HACKER Q&A
📣 sarimkhalid

Why Did Ruby Fall Out of Favour with Startups


I have always heard that Ruby is a great prototyping language, which is why many startups used it.

Companies like Github, Shopify, and others are built on it.

- What are the factors that led to Ruby's decline?

- Specifically, why do we see fewer startups building on Ruby?

- Will we see Ruby bounce back?


  👤 petercooper Accepted Answer ✓
My personal controversial theory: lack of first class support for Windows. This was a big reason why Python had a renaissance amongst learners, academia, data journalists, and a lot of more "casual" developers that Ruby is perfectly suited for. Python has pretty much eaten up the "not a webapp" market Ruby could have easily had and JavaScript rapidly began eating up the webapp market from the other side, leaving Ruby with quite few unique selling points (though I still love it myself, I'm speaking in broad ecosystem terms).

👤 Alifatisk
I think Ruby itself has lost its trend, but people who use it keep using it. We are in a time where people prefer compiled, statically typed languages which contributes to Ruby losing its popularity, that's why alternatives like Crystal is growing.

Another reason is Ruby is tightly coupled with the Rails framework, Ruby should really try to separate itself from it and shine on its own.

There is nothing Ruby offers that other languages lacks on, I find it exceptionally well for prototyping and for gluing togheter different things through the CLI etc, and I will continue using Ruby for that.

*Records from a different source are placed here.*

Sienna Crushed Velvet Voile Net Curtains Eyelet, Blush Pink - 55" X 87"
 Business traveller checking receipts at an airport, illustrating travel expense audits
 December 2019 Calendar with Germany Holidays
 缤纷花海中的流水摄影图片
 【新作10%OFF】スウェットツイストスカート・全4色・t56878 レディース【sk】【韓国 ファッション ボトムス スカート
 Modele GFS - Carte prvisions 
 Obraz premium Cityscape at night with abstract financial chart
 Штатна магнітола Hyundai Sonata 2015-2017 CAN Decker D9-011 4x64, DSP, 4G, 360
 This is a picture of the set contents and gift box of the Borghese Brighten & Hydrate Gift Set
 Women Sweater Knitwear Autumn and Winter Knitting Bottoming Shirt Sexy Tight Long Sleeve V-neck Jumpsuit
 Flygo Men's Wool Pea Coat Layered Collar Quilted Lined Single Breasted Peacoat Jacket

I believe Ruby will bounce back in the future, we are currently seeing lots of cool new features being introduces after Ruby 3 like YJIT & Ractors!


👤 sametmax
Personnally, I didn't commit because the gem ecosystem was hit or miss, and the culture was about getting things pretty instead of robust (e.g: nice docs but monkey patching everywhere).

Plus on the long run, parskng ruby is difficult for my brain because of optional parenthesis.

Enventuly I sticked to python. I know people critize python packaging a lot, but it was the least of evils in 2010, much better than the competition.


👤 revskill
Static type system!

It's the only reason Ruby (and Rails community) declined.

Longer answer: To work effectively with Ruby (and RoR), you need a dedicated team to maintain the test suite, because it's the ONLY way to go forward.

In case you're a small startup, it's a NO.